La cosa decisiva è però che una quota importante dei fondi stanziati vada, a tutti i livelli, alla parte migliore dei nostri studenti, che non sono tutti uguali, nonché al sostegno all’università di ricerca (che è cosa diversa dall’istruzione terziaria superiore) che ancora esiste dentro il sistema universitario pubblico italiano e, ma solo parzialmente, dentro quello privato che, ricordiamolo, non ha di regola i grandi laboratori e le grandi strutture (e spesso nemmeno i dipartimenti) di scienze fisiche, naturali e tecnologiche. Sono campi in cui c’è tra l’altro tantissimo da fare, come abbiamo realizzato “scoprendo” col ritorno della guerra il divario scavatosi in questi settori cruciali tra Europa e Stati Uniti (ma anche la Cina e forse l’India) negli ultimi trent’anni.

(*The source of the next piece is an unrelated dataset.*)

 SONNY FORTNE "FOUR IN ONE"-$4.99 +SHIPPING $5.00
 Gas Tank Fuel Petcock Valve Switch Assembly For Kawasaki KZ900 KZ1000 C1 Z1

Soprattutto, a meno che fantastiche realizzazioni, come una fusione nucleare funzionante, vengano a breve a alleggerire la situazione, l’unica risorsa naturale su cui l’Italia può contare è rappresentata dall’intelligenza e dai talenti dei suoi cittadini, e in particolare di quelli più giovani, più dotati e più energici su cui quindi è utile a tutti investire.